The issue can occur due to a connectivity issue between the NSX Manager and the pods.
To confirm connectivity, test the following:
- Confirm NSX to K8 cluster connectivity:
- Get the external ingress IP of the k8s cluster by running the below command from the root CLI of the NSX manager:
# napp-k get svc -n projectcontour
# This should display the following output:
NAME TYPE CLUSTER-IP EXTERNAL-IP PORT(S)
projectcontour ClusterIP 192.x.x.x <none> 8001/TCP
projectcontour-envoy LoadBalancer 192.x.x.x 10.x.x.x 80:31434/TCP,443:31873/TCP
2. Ensure that the external IP address (10.0.8.3 in the above example) is reachable from the manager node:
# openssl s_client -debug -connect 10.x.x.x:443
connect: Connection timed out
connect:errno=110
3. if you get timeout like the above, it means there is an issue in your k8s network infra.
- Check cluster-api to NSX Manager connectivity:
- Checking the log for the cluster API you see connection timed out errors like the below:
{"time":"2023-02-01T16:12:37.08024686Z","level":"ERROR","prefix":"-","file":"service.go","line":"426","message":"Fetching NSX config for populating intelligence default config failed: Unable to fetch platform deployment config: Get \"https://<nsx-manager>/policy/api/v1/infra/sites/default/napp/deployment/platform\": dial tcp 10.x.x.x:443: connect: connection timed out"}
- The "nsx-manager" is a service in k8s that proxies call to policy manager.

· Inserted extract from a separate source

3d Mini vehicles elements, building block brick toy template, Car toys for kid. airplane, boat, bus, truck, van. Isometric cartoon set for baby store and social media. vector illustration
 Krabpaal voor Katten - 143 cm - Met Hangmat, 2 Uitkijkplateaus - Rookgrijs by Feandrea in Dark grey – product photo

Please check if there are any connectivity issues from the cluster-api pod by executing this command from the NSX Manager shell:
napp-k exec -it `napp-k get pods | grep cluster | cut -d ' ' -f 1` -c cluster-api -- sh -c "curl https://<nsx-manager>/policy/api/v1/infra/sites/default/napp/deployment/platform --cert /certs/egress-tls.crt --key /certs/egress-tls.key -k"
* Trying 10.x.x.x...
* TCP_NODELAY set
* connect to 10.x.x.x port 443 failed: Connection timed out
* Failed to connect to <nsx manager> port 443: Connection timed out
* Closing connection 0
curl: (7) Failed to connect to <nsx manager> port 443: Connection timed out
command terminated with exit code 7
- In this example we confirmed the connection timed out.
- Investigate why these components are unable to communicate (firewall, physical networking etc).